Before getting into computing accuracy and our other performance metrics, it is worth talking about a confusion matrix. Confusion matrices summarize our data and predictions – the true classes of the observations are along the rows and the predicted classes are along the columns. For example, a confusion matrix for our decision tree classifier from earlier appears below.
toy_data["pred_class_dt"] = dt_clf.predict(toy_data[["x", "y"]])
confusion_matrix(toy_data["label"], toy_data["pred_class_dt"])
## array([[25, 0],
## [ 0, 30]], dtype=int64)
The confusion matrix is an array of numbers whose rows correspond to the true class that an observation belongs to.

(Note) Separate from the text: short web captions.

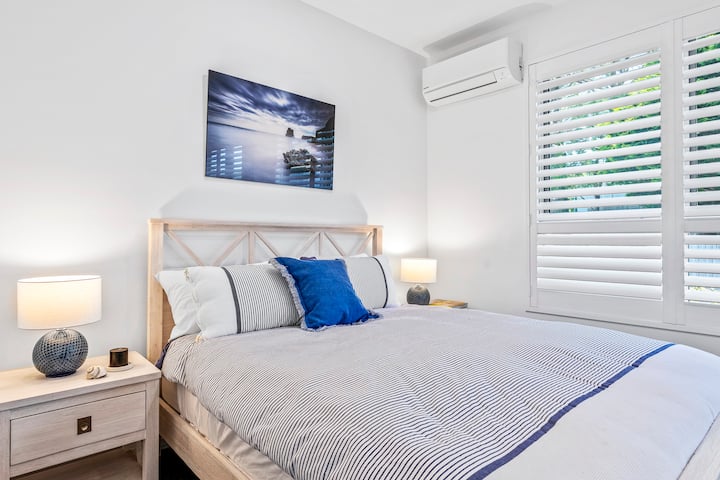 Second bedroom.  Sealy Posturepedic Exquisite Tudor Plush Queen Mattress. 
Reverse cycle airconditioning and plantation shutters.
Rapid phone chargers on bedside tables (removed for photo) for convenience.
Generous built in wardrobe.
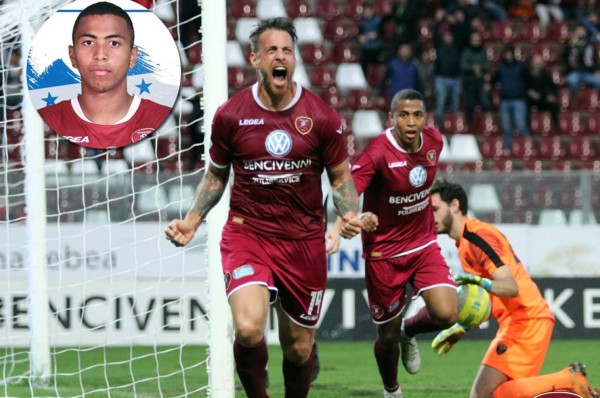 Rigoberto Rivas aprende en la Reggina de German Denis, uno de los últimos grandes goleadores en Italia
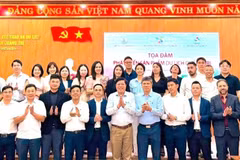 Representatives of tourism authorities and travel businesses from Quang Tri and Khanh Hoa pose for a group photo at a seminar on developing tourism products in Quang Tri. (Photo: DL)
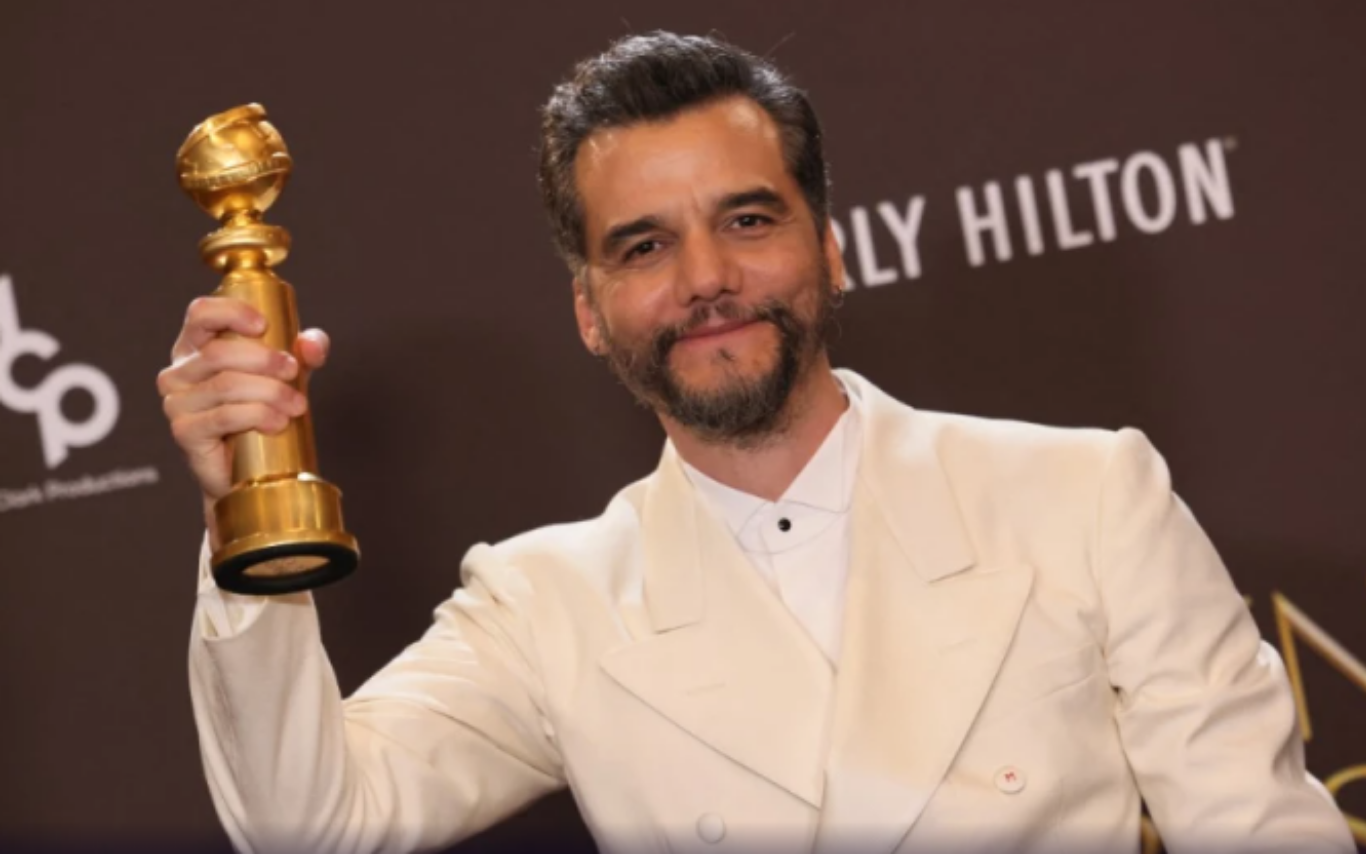 O ator brasileiro Wagner Moura posa na sala de imprensa com o prêmio de Melhor Ator em Filme Dramático por “O Agente Secreto” durante a 83ª edição do Globo de Ouro, no hotel Beverly Hilton, em Beverly Hills, Califórnia, em 11 de janeiro de 2026.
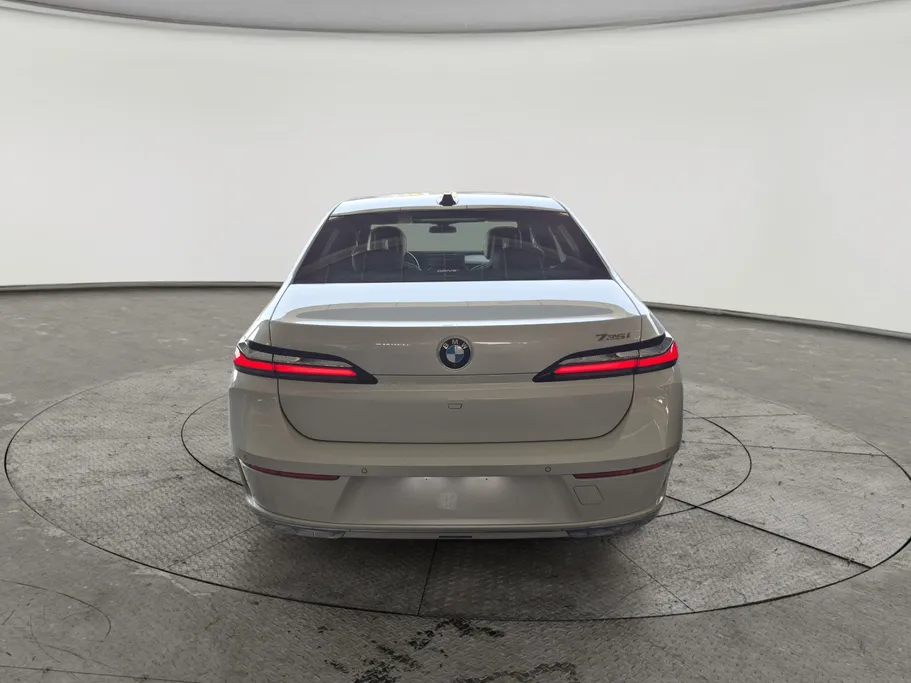 2024 BMW 7 Series 735i 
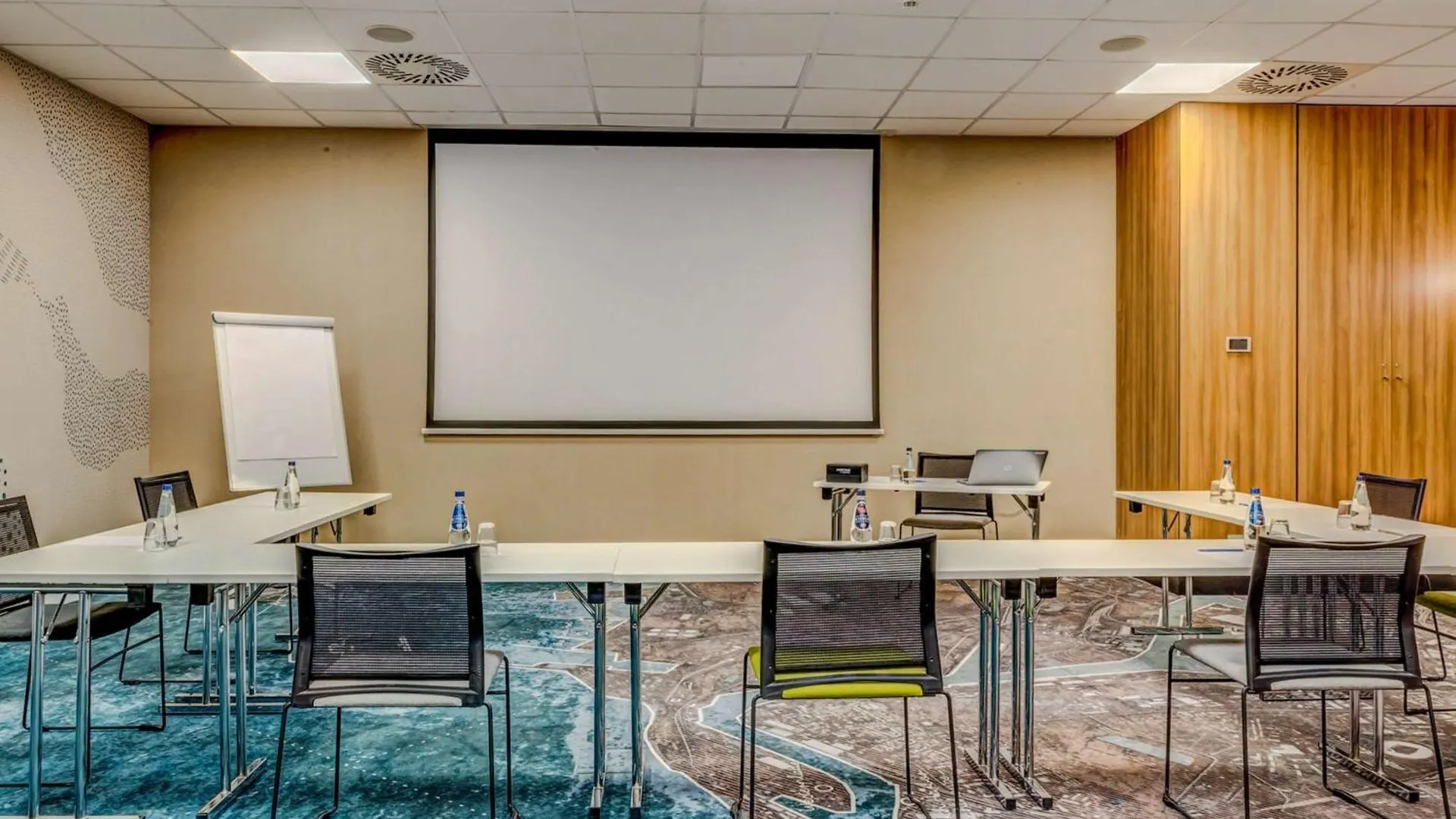 Novotel Gdansk Marina Hotell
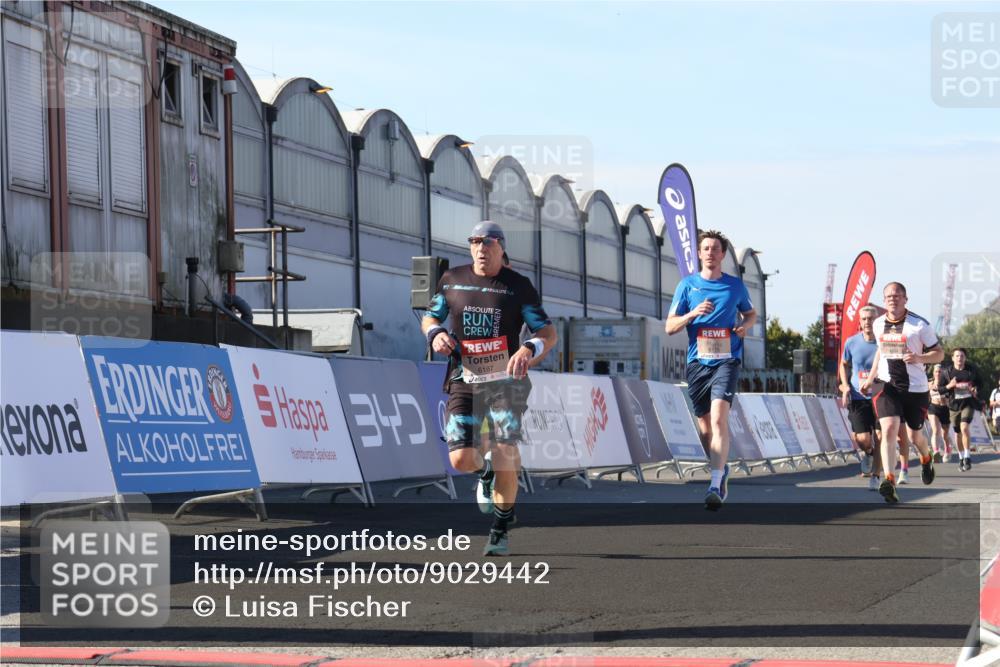 03.10.2025 - Köhlbrandbrückenlauf Luisa Fischer http://msf.ph/oto/9029442 03.10.2025 13:01:22 Ziel 4199, 4304, 4737, 5915, 6187, 6307, 6775 meine-sportfotos.de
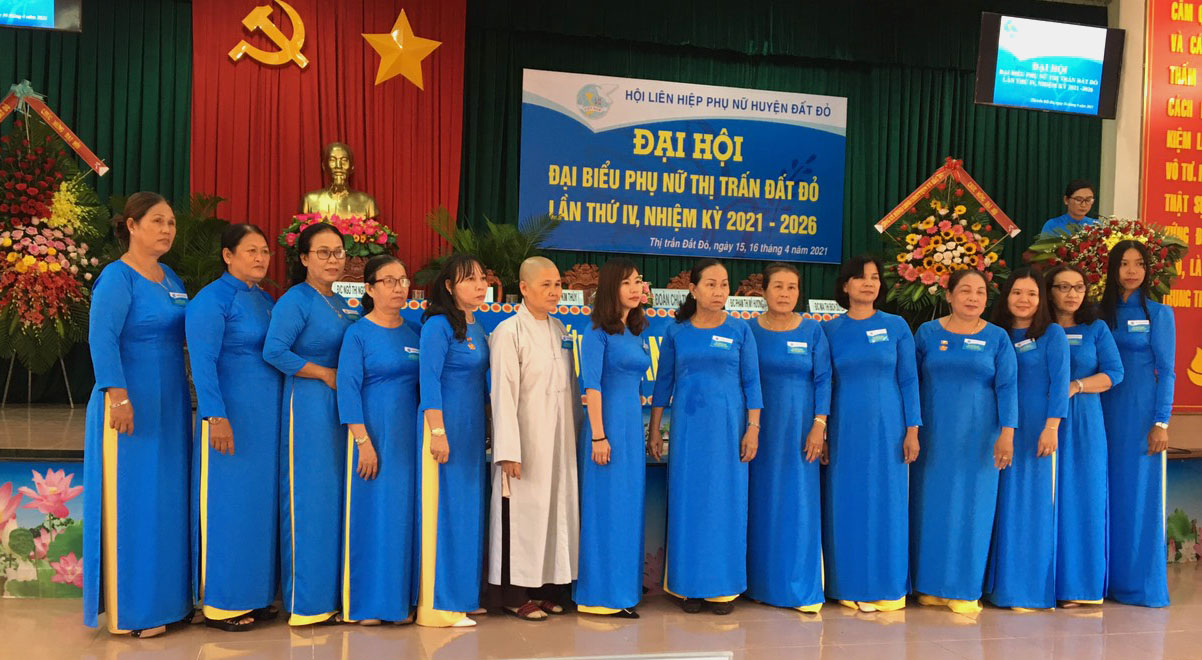 BCH Hội LHPN thị trấn Đất Đỏ khóa IV, nhiệm kỳ 2021-2026 ra mắt đại hội.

The columns of the confusion matrix correspond to the observation’s predicted class according to the model. This means that
Understanding the confusion matrix can give us great insight as to where our model is becoming “confused” and how we might hope to improve it.
The accuracy of a classification model is the rate at which it correctly classifies observations. To compute accuracy, we sum the entries of the confusion matrix along the main diagonal and then divide by the total number of observations we made predictions for. Mathematically, we have
\[\text{accuracy} = \frac{\sum{a_{ii}}}{n}\]
where \(a_{ii}\) is the \(i^{th}\) diagonal entry of the confusion matrix and \(n\) is the total number of observations that predictions were made on.
The {sklearn}
module, specifically
sklearn.metrics
, makes it easy for us to compute accuracy
and nearly any other performance metric we would want to utilize!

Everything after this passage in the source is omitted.